According to a recent April 2026 report by security researcher Himaja Motheram at Censys, just under 6 million internet-facing hosts are still running the File Transfer Protocol (FTP).
While this marks a significant 40% decline from the 10.1 million servers observed in 2024, the presence of this decades-old protocol continues to pose an exposure risk due to widespread insecure default configurations.
The Censys report highlights that the dominant story of FTP exposure in 2026 is not purpose-built file transfer infrastructure, but rather an accumulation of platform defaults on shared hosting networks and broadband providers.

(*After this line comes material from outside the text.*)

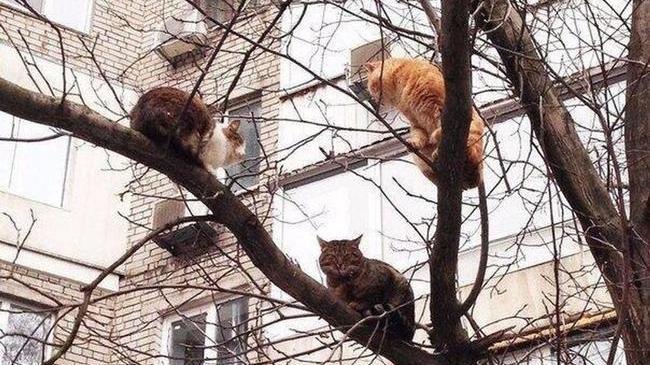 Все, в Челябинске весна наступила официально! Коты прилетели! 😅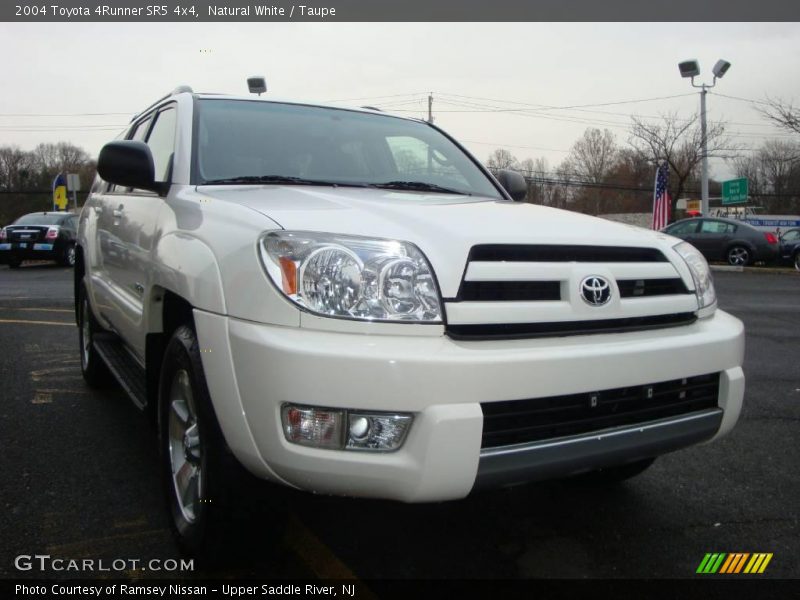 Natural White / Taupe 2004 Toyota 4Runner SR5 4x4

The State of Encryption and Regional Risks
When it comes to securing these servers, the data reveals a mixed landscape. Censys found that roughly 58.9% of observed FTP hosts completed a Transport Layer Security (TLS) handshake, meaning they support encrypted connections.

However, this leaves approximately 2.45 million hosts without observed evidence of encryption, potentially allowing them to transmit files and credentials in cleartext.
The lack of encryption adoption varies significantly by region. According to Censys data, mainland China and South Korea have the lowest TLS adoption rates among the top 10 hosting countries, at 17.9% and 14.5%, respectively.
Meanwhile, Japan accounts for 71% of all FTP servers globally that still rely on outdated, deprecated legacy encryption protocols such as TLS 1.0 and 1.1.
The security posture of these 6 million servers is heavily influenced by the default settings of the software daemons running them.
Key technical observations from the Censys report include:
- Pure-FTPd Dominance: Operating on roughly 1.99 million services, this is the most common FTP daemon, largely driven by its inclusion as a default in cPanel hosting environments.
- The IIS FTP Configuration Trap: Over 150,000 Microsoft IIS FTP services return a “534” error response, indicating TLS was never configured.
While IIS defaults to a policy that appears to require encryption, it does not bind a security certificate upon a fresh installation.
Consequently, the server accepts cleartext credentials, even though the configuration appears to enforce TLS.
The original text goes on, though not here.